The fundamental analysis apparatus for this aim: the theory of
information relationships and measures will be considered in a separate
presentation. This presentation will focus on the theory of general
decomposition, heuristic search algorithms and benchmark results.


Modeling and Solving of Boolean Problems by Boolean Equations or Boolean Differential Equations

Bernd Steinbach
Freiberg University of  Mining and Technology
Institute of Computer Sience
Bernhard-von-Cotta-Str. 1
D-09596 Freiberg, Germany


This presentation starts  with some basic definitions about Boolean space, 
Boolean function, Boolean equation and their solution. Next the relationships
between a single Boolean equation and a system of Boolean equations will be discussed. 

Using an well understanding example of a criminal case, I demonstrate the modeling 
of a difficult problem by a system of Boolean equations. The inspector should find 1
of 37,778,931,862,957,161,709,568 possible solutions. I demonstrate the real time solution
of this problem using the program system XBOOLE. Note, one year has
31,563,000,000,000,000 nanoseconds, so we need more than 1 Million years, 
if we spend only 1 nanosecond to decide about over each possible solution!!! 
(I will show you the calculation of the solution a little bit faster.)

More general the problem may be characterized by dynamic behavior. 
In this case we need the Boolean Differential Calculus for modeling. 
I introduce the differential of a Boolean variable, the differential of
a Boolean function, some other Boolean differential operations and
Boolean derivation operations. Using all these elements in an Boolean
equation we get an more general Boolean differential equation. 

The simplest Boolean differential equation is a so called graph equation, 
in which Boolean variables and Boolean differentials of a Boolean variables
combined by Boolean operation. I demonstrate the modeling of the well
known "Ferryman - Wolf - Goat - Cabbage" problem and
calculation of the solution using the program system XBOOLE.

The presentation finished with and overview about general Boolean differential equations.
I emphasize the new type of solution. On an example of the EXOR-bi-decomposition
I illustrate the algorithm of class separation.

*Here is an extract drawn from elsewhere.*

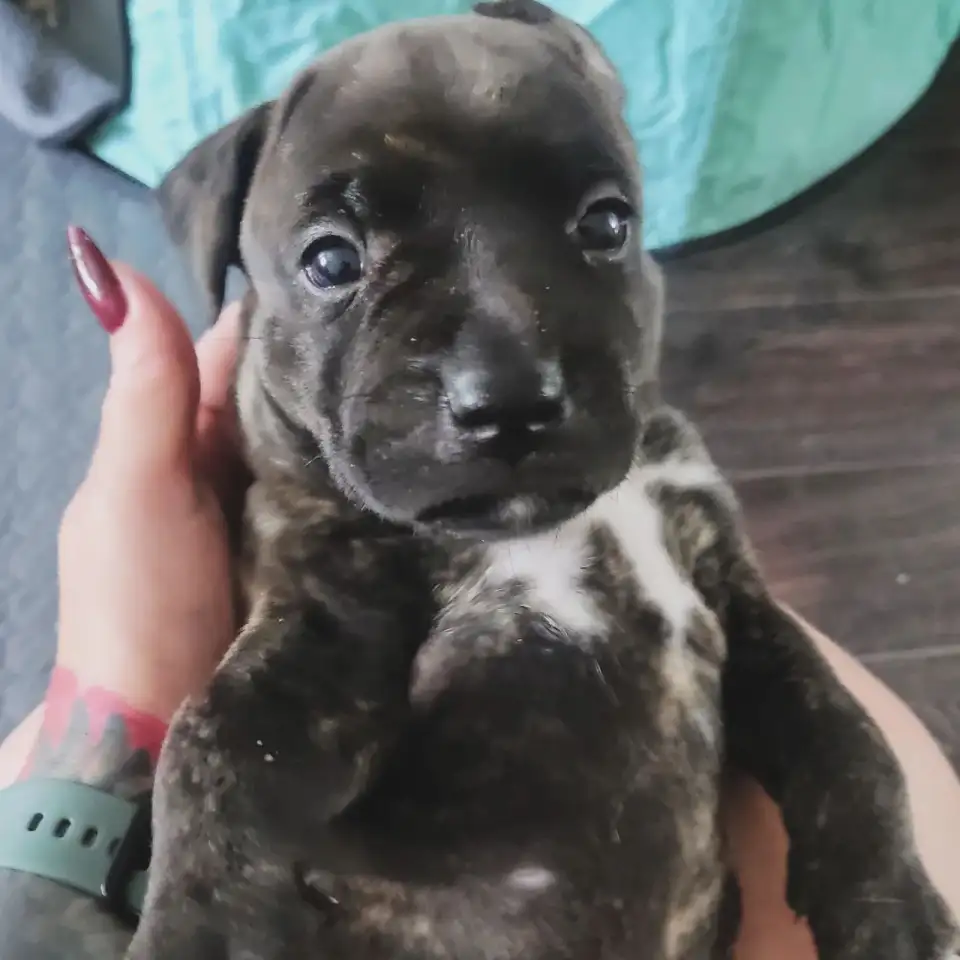 Щенки ПИТСТАФФ остались девочки, фотография 5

By means of this algorithm
the set of all EXOR-bi-decomposable function may by calculated.


Marek Perkowski.
``Learning Hardware rather than Evolving Hardware''

Evolvable Hardware is Genetic Algorithm (GA) plus reconfigurable hardware.
One may ask: "Why Genetic Algorithm"?
Based on our experience, we question the usefulness of GA
as a sole learning method to reconfigure binary FPGAs.
Instead, we propose the "Learning Hardware" approach, which consists of creating a
sequential network based on feedback from the environment (for instance,
positive and negative examples from the trainer), and 
realizing this network in an array of Field Programmable Gate Arrays (FPGAs).

Here we advocate the approach to Learning Hardware
based on Induction of State Machines from Temporal Logic Constraints.
The method involves training on examples, constraints solving,
determinization, FSM minimization, structural mapping, 
functional decomposition of multi-valued logic functions and relations, and FPGA mapping.
Thus learning occurs on the level of constraints acquisition
and functional decomposition rather than on the low level of programming binary switches.
Ours is an Occam's Razor learning that allows for generalization and discovery.

Our software algorithms require fast operations on complex logic
expressions and solving NP-complete problems such as satisfiability.
They should be realized in hardware to obtain the necessary speed-ups.
Using a fast prototyping tool, the DEC-PERLE-1 board based on an array of Xilinx FPGAs,
we are developing software/configware processors that accelerate the acquisition, synthesis,
and optimization of Reactive State Machines.